One thing we all knew about my sister was that she would always wait until the split second before she had to go to the bathroom. The “two-holer” was some distance from the house. While we were in house there was the chamber pot, kept in the narrow room next to the bedroom where our family slept in two double beds. During one of our rainy seasons we were playing with Verena, whom we always called “Butzilie.” A large wardrobe had been built and placed in the one corner of the bedroom. There was a space above the wardrobe, and with the help of a stool placed on a chair, and Butzilie and myself holding all in place, we hoisted Shirley on top of the wardrobe. What fun! She could almost touch the “abojeta.” Suddenly Shirley started to dance. There was no way could she make it down in time; so Butzilie, always inventive, handed the chamber pot up. When my mother came into the bedroom, all she could see was Butzilie lying flat on her back. We were both laughing hysterically. When my Mother asked what was going on, Butzilie pointed upward and the whole situation was made even more hilarious when Shirley turning her back to us.

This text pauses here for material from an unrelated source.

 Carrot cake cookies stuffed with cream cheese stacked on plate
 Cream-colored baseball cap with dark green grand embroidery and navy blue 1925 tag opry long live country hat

Shirley was destined for other high places. One day we were with Phyllis at the house next door that had a ten-inch wide cement shelf, such as might be placed over a fireplace. On this occasion, we decided that Shirley would be the perfect “Queen of Sheba.” She looked very elegant in her paper crown and a veil that was improvised from the curtain over the window; there she sat, a queen sit on the cement “throne”! Alas, the reign was short lived. The queen became tangled in her elegant “gown” and came tumbling down. It was lucky that, Phyllis’s father, Dr. Bergman, was available to stitch the Queen’s forehead. Once more, Shirley survived.